Heart Lamp (Penguin Random House India, ₹399), a collection of short stories by Banu Mushtaq which has been translated from Kannada to English by Deepa Bhasthi, was recently shortlisted for the International Booker Prize, 2025. The writer-translator duo delighted a full house on Friday at Champaca Bookstore, Vasanth Nagar, with a heartfelt session on the book.
The heart of Heart Lamp is one that beats for 30 years – the three decades Mushtaq took to write the stories. She reveals that the blood that the heart pumps is familiar and personally drawn. “I am giving a glimpse of who I am. During the ’80s, there were a lot of social movements in Karnataka, dalit and feminist movements; I am a product of those.” While the anti-caste imperative was tangible in the literary scene back then, Islamophobia remained unchecked. Doubly ushered to the margins due to her gender and religion, Mushtaq had little choice but to give voice to her being. Moreover, just starting out, she would often be plagued with questions of what to write about – whose stories to document. When she asked the literary fraternity around, their responses allowed her to look inward. “Interestingly, until then, Muslim characters were depicted in black and white terms, especially by Hindu writers.

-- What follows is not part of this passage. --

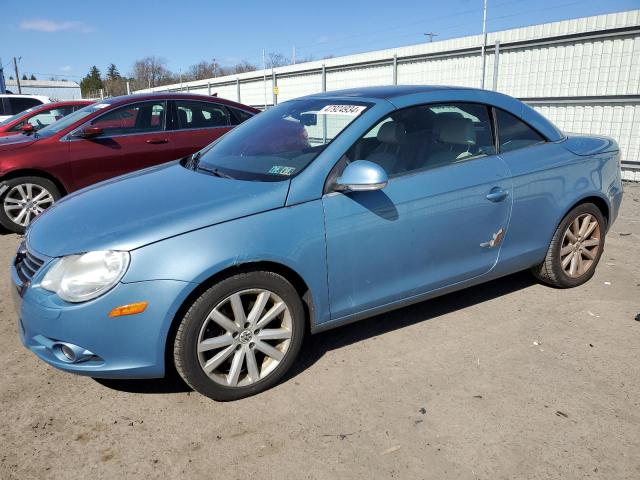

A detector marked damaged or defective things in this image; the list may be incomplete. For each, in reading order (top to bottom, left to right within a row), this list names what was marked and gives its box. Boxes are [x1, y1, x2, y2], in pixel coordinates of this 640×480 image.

dent on car door [69, 100, 174, 189]
dent on car door [171, 99, 234, 158]
dent on car door [322, 102, 512, 318]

I was asked to write about my contexts; and so I did. But at the same time, I didn’t want to be confined within the identity of the ‘Muslim woman’,” she says.
Heart Lamp is almost tactile in its representation of the terrain. Sensorily robust, the book presents the sights, smells, and stories of Karnataka in all their lilts and cadences. Bhasthi, whose work in translating deserves its own praise, keeps polyphony and linguistic dialogue alive in the retention of Kannada elements in the final book. As she reveals, “We don’t understand how polyphonic our languages are. The moment you step out of Bengaluru, you exist within multiple languages and dialects (outside of English) within Karnataka. It was important to keep multiple languages within the text, because none of us speaks ‘proper English’. I was translating for Indian readers. I wanted them to understand the deliberate Kannada ‘hum’ behind it.”